Wednesday, April 8, 2009

I've spent the last two weeks grinching and groaning and generally boring people with updates on my car, as that sad tale unfurls in a leisurely fashion. Bumper sticker version: My car got badly damaged by hail, and was declared a total loss - but only after it was declared worth repairing, and I'd gotten my hopes up.

This morning it dawned on me that I was dealing with this sudden, forced change - give up my sweet car? no no no! - exactly the way people "down the food chain" in organizations deal with sudden, forced change; which is to say, exactly the way four-year-olds deal with it.
I want my doll back! Make her be not broken!
I want my car back! Make it be not broken!
I want my business process back! Make it be not broken!

The irony is that I'd just told someone "You need to let go of this process you use; it's broken."
And of course I'd gotten back, "No no no! I want my process! It isn't broken, its head is supposed to come off like that!"

For years I've known in my head that you have to manage change carefully to introduce it successfully. You've got to get people excited and happy about what's going to be different; otherwise they'll resist it in every way they can. Over the last two weeks I've been absorbing that lesson into my heart.

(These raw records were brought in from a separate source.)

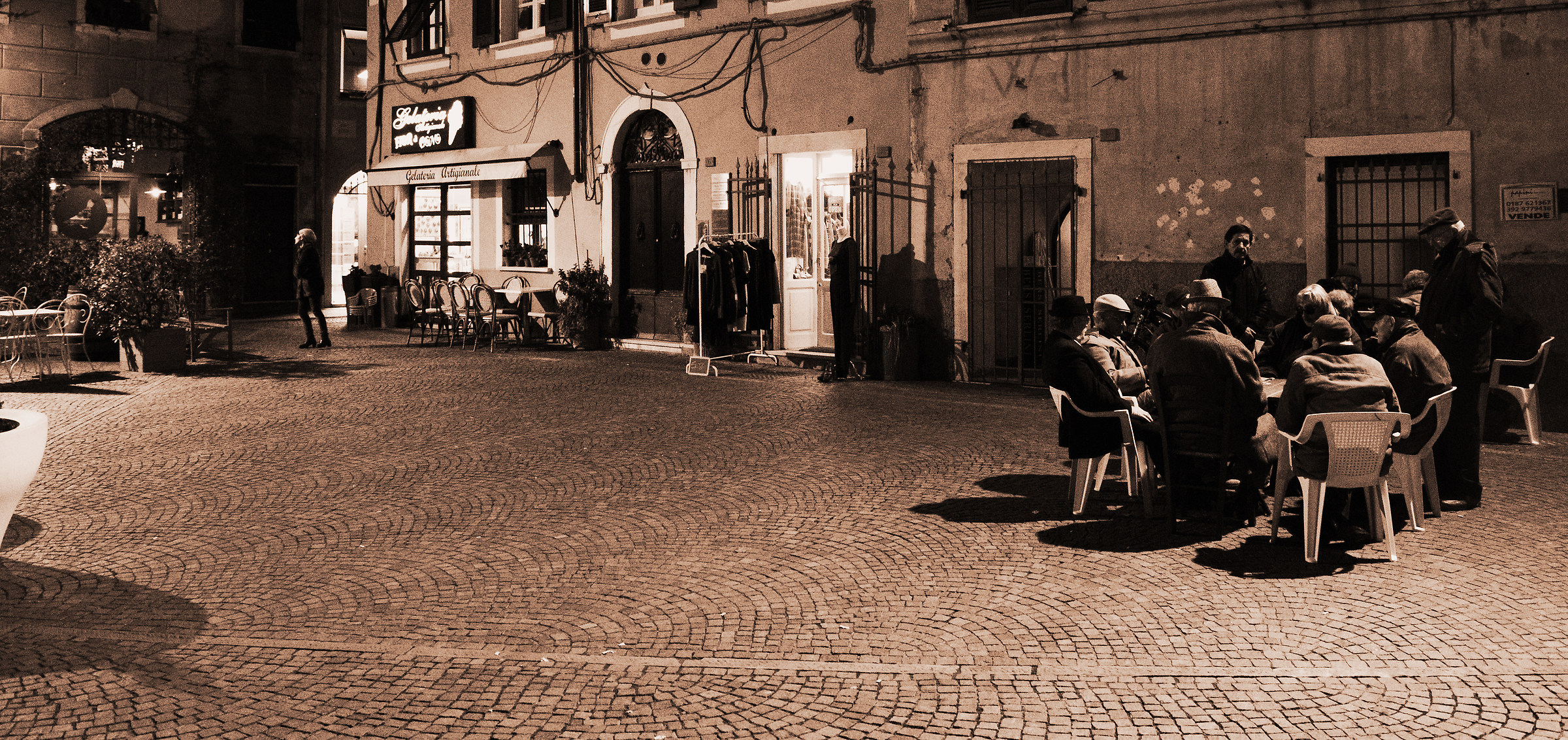 carte per strada   Sarzana  (sp)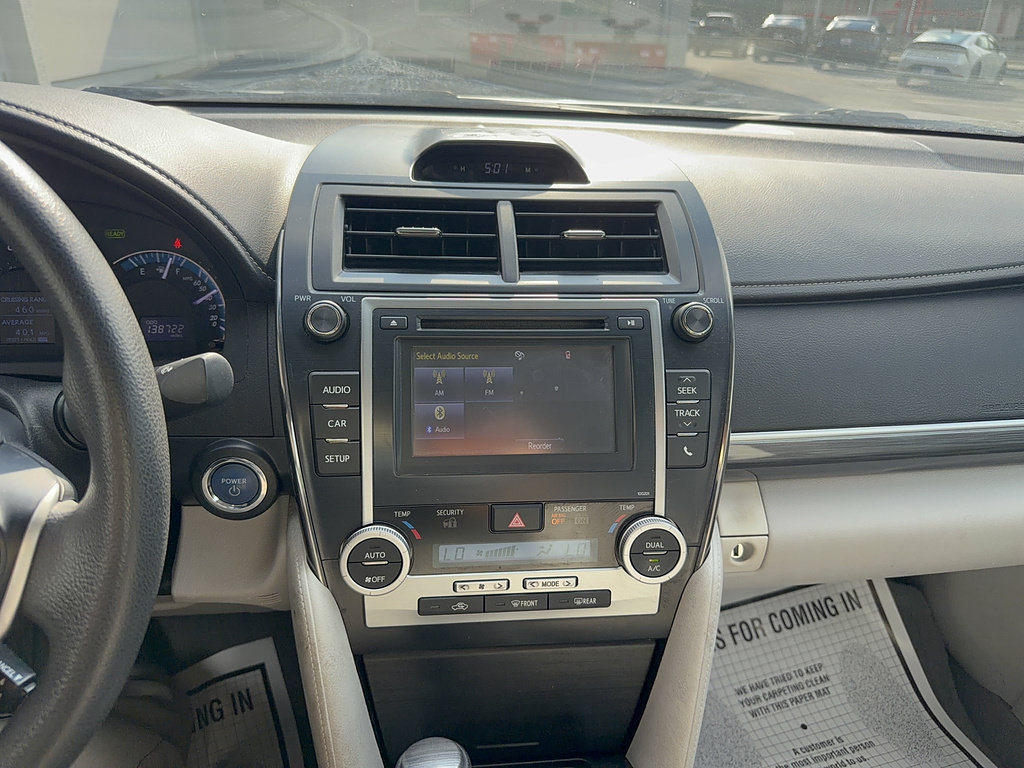 Used 2014 Toyota Camry LE FWD image 9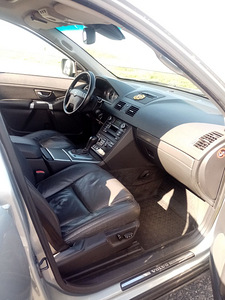 Volvo XC 90 (7 фото из 11)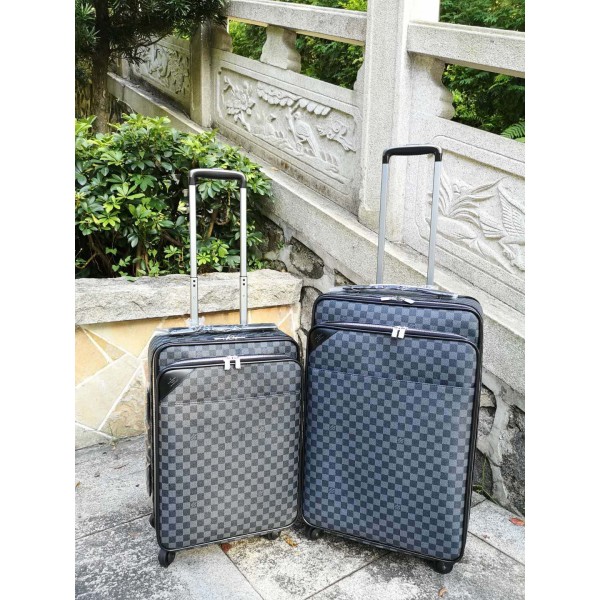 LOUIS VUITTON trolley case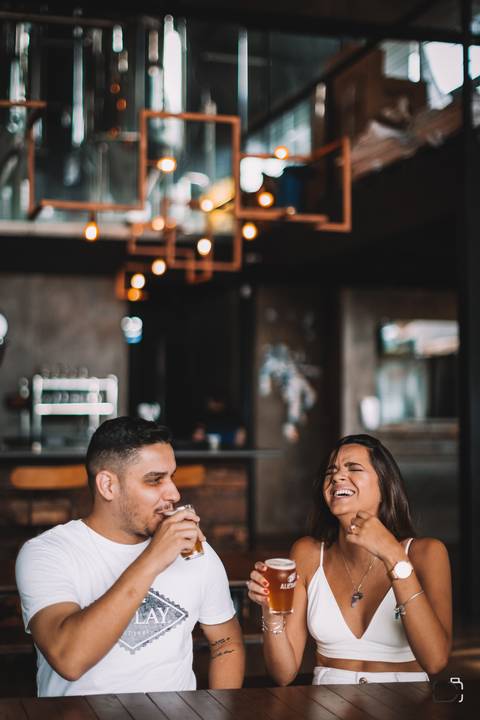pre-wedding-ensaio-fotos-de-casal-namoro-casar-noivo-fotos-decasamento-noivas-fotos-para-casamento-daniel-custodio-fotografo-cerimonia-fotografias-mini-casamento-floresta-do-lobo-fotografo-minas-gerais-brasil-aliança-civil-amor-love-infinito-risada-'
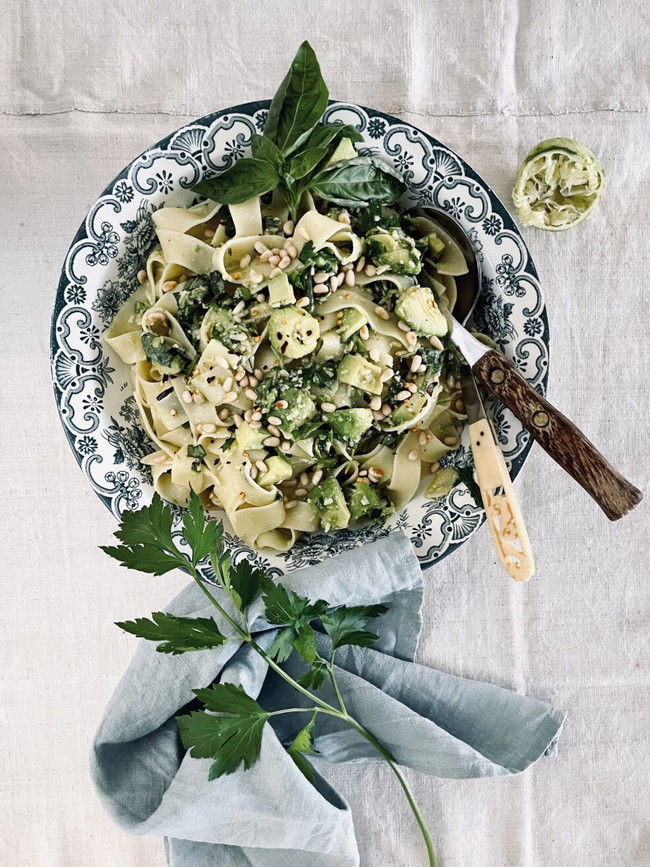 Image of PAPPADELLE MED AVOCADO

I should go give blood while my irony level is up so high.

Sunday, April 5, 2009

Packaged on: 05APR09 Sell by: 04APR10

I just looked at the date on my last post - it's very stale material by now. I'm sorry. There were reasons for the silence; chief among them being that sometimes it's the better part of valor to sit down and shut up. (Natural disaster, badly damaged car, much to-ing and fro-ing with insurance company and body shop, if you must know.)

But I'm back now.

Recently I saw some product documentation that clearly needed work. Certainly it needed the deft touch of a good technical writer; but what struck me first and hardest was that it needed to look like a product of this millennium. It seems the company had designed their documentation and the process for creating it some time in the mid-1990s, and had been using early documents as templates for later ones ever since. Meanwhile the world kept on advancing; and with it, documentation conventions, tools, and best practices.

With few exceptions, we need to step back and look at our organizations' product documentation about every three years, or every time our colleagues the marketing specialists update the appearance of the company web site and marketing materials. During these periodic reassessments, we need to ask ourselves, "Does this material reinforce our organization's main message? Does its appearance reinforce and expand upon the first impressions that our marketing material and web site create? Does this look like it comes from the same company?" We also need to consider whether we still deliver our material in the way customers expect to see it. Are we still writing software manuals instead of providing help? Are we still using section numbering when all our competitors have stopped doing so?

Marshall McLuhan said "The medium is the message", and that's far truer now than it was when he said it. The words and pictures are not the sum of your product documentation. The words, pictures, look and feel, and delivery method all work together to produce a powerful message about the product and the company. It behooves us to ensure that the message never becomes "We have been doing it this way for the last fifteen years and we're not about to change."